Federal Reserve Chairman Jerome Powell said Thursday that there are no “decisive” signs of wage inflation yet.

Speaking in testimony before the Senate Banking Committee, the central bank head also said more gains can come in the labor market without causing harmful levels of inflation.

The remarks are significant in that during Powell’s remarks two days ago before the House Financial Services Committee were interpreted as being more concerned about inflation, leading the Fed to a more aggressive path in interest rate hikes.

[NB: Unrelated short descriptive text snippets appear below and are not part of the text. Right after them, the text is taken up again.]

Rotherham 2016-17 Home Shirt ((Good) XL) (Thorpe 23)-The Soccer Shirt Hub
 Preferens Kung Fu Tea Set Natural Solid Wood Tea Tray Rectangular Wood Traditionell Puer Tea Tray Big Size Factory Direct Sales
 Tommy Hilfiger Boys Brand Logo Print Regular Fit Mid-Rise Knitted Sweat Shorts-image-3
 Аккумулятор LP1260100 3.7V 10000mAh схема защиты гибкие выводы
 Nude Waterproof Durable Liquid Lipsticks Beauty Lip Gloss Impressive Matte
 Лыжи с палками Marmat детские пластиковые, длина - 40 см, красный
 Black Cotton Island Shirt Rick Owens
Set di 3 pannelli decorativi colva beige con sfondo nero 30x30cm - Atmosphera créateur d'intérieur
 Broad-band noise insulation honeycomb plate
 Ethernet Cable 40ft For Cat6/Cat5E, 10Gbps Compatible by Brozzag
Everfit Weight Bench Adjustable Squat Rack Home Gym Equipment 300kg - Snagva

“We don’t see any strong evidence yet of a decisive move up in wages. We see wages by a couple of measures trending up a little bit, but most of them continuing to grow at two and a half percent,” he said. “Nothing is suggesting to me that wage inflation is at a point of accelerating. I would expect that some continued strengthening in the labor market can take place without causing inflation.”

Powell added that he expects to see wage inflation soon.

However, his predecessor, Janet Yellen, often said the same thing, and the Fed has been flummoxed by low inflation and particularly little wage pressures. The January nonfarm payrolls report showed average hourly earnings accelerating by 2.9 percent, but the central bank rarely moves its position based on a single month’s data.

Powell said the Fed expects to continue to hiking rates gradually as it looks to keep economic growth in check while not thwarting the recovery.

“By continuing to gradually raise interest rates over time, we’re trying to balance those two things and achieve inflation moving to target but also make sure the economy doesn’t overheat,” he said. “There’s no evidence that the economy is currently overheating. But that’s really the path that we’ve been on. My expectation is that that will continue to be the appropriate path as long as the economy continues to perform this way.”

Powell faces questioning about why the Fed is going ahead with rate hikes with inflation continuing to undershoot the central bank’s target.

“At this point, we have 4.1 percent unemployment. The things we don’t want to have happen is to get behind the curve, have inflation move up and have to raise rates too quickly and cause a recession,” Powell said.